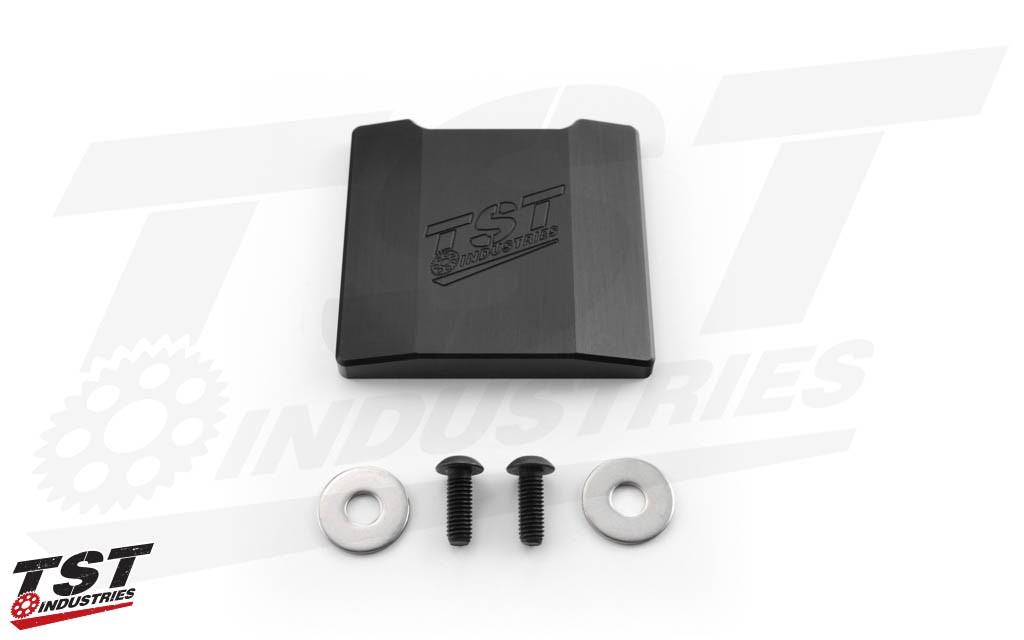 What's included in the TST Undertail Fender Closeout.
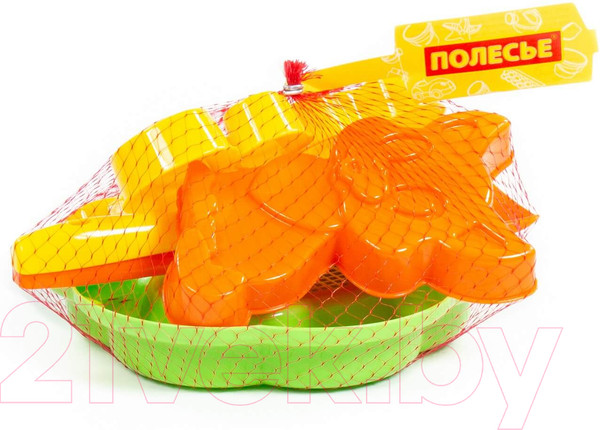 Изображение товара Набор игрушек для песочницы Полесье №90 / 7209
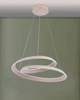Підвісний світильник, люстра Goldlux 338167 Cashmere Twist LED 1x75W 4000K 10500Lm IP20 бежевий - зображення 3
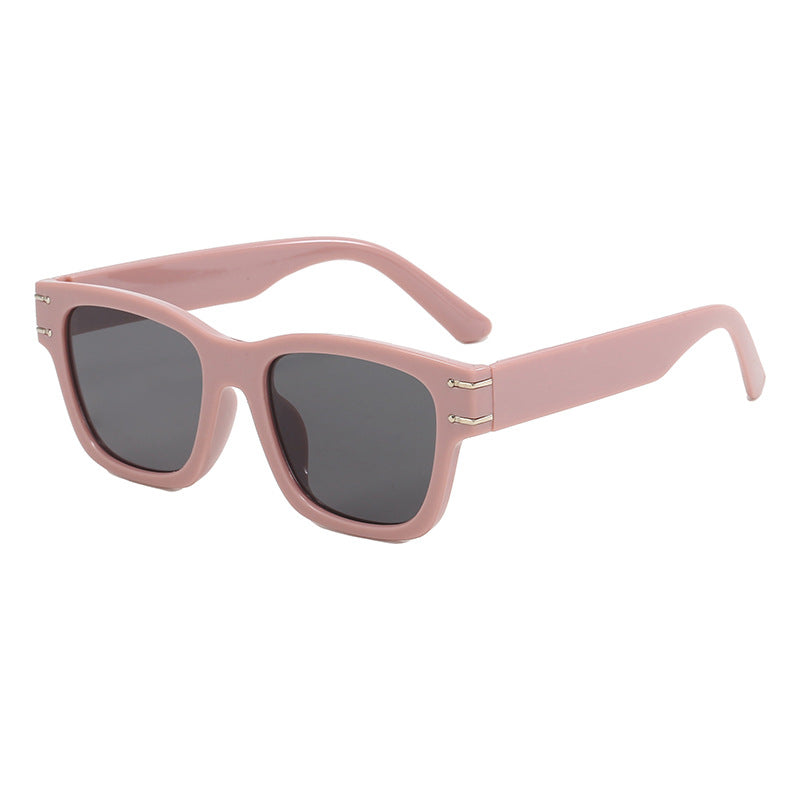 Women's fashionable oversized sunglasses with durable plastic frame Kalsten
---
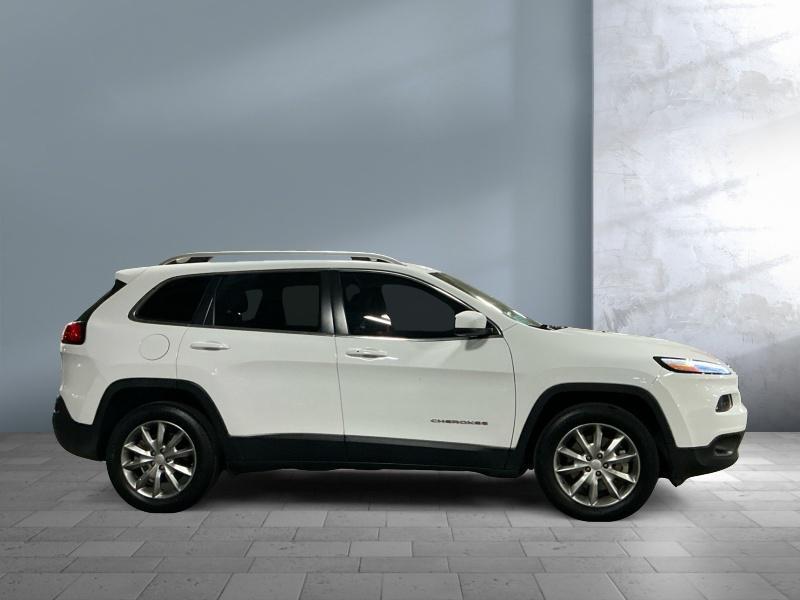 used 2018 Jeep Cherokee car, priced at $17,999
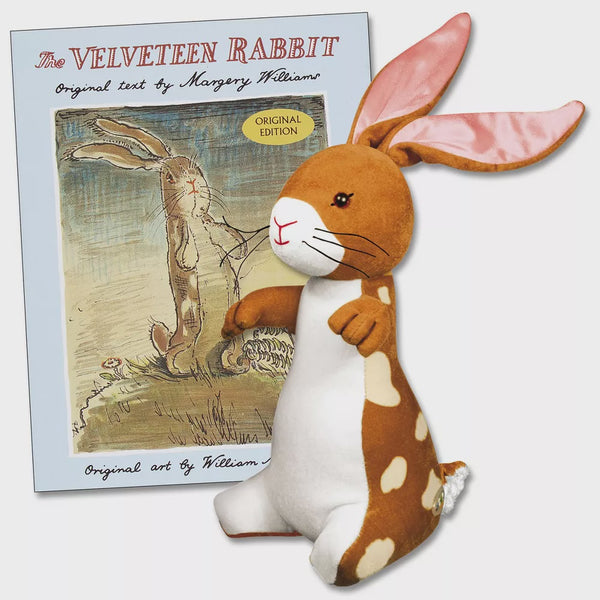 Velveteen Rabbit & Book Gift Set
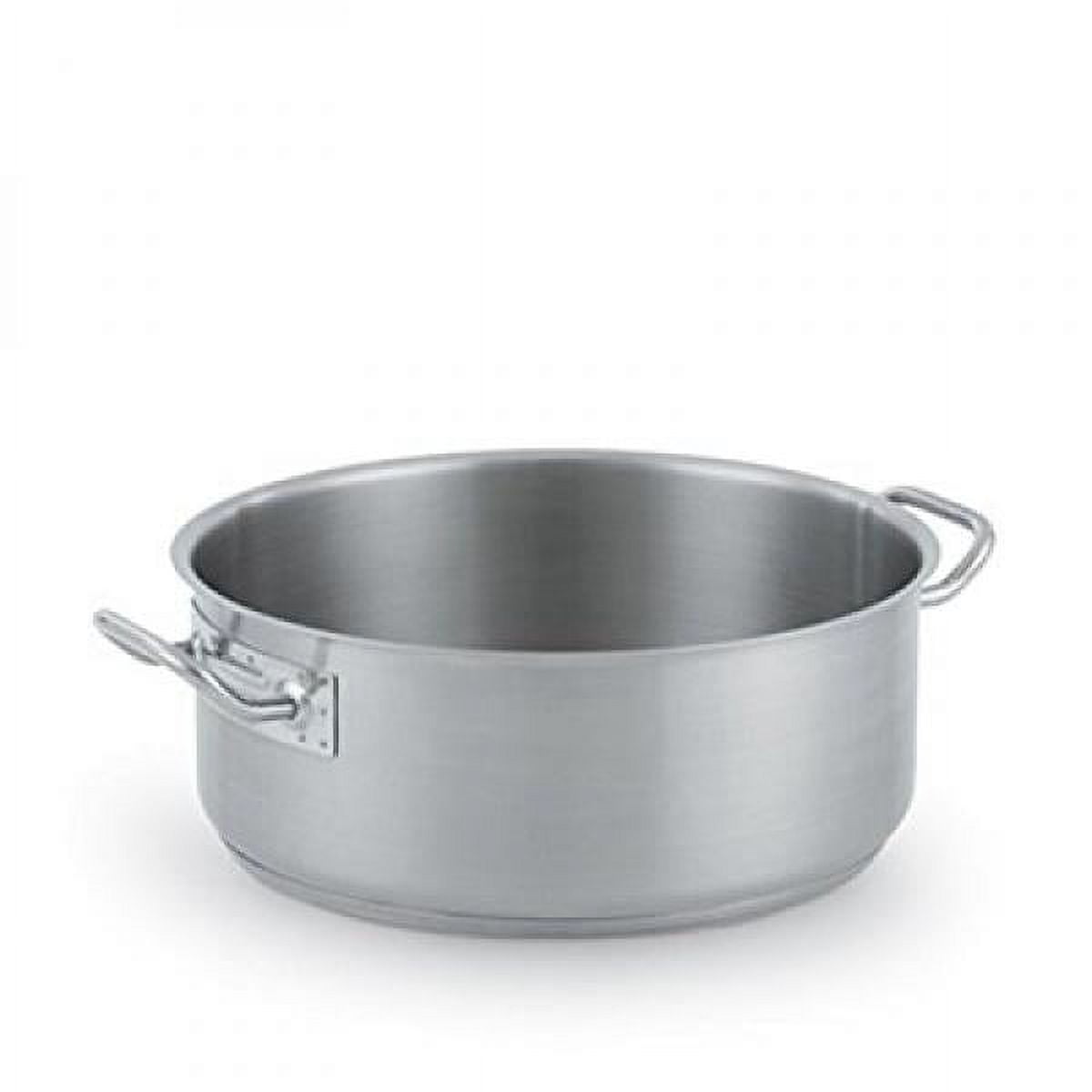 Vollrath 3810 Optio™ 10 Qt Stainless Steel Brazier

§ **About this exercise**
From the records above, extract the lines from the one holding "What's included in" through the one holding "Women's fashionable oversized", word for word; omit the pictures.

§ **Your response**
 What's included in the TST Undertail Fender Closeout.
 Изображение товара Набор игрушек для песочницы Полесье №90 / 7209
Підвісний світильник, люстра Goldlux 338167 Cashmere Twist LED 1x75W 4000K 10500Lm IP20 бежевий - зображення 3
 Women's fashionable oversized sunglasses with durable plastic frame Kalsten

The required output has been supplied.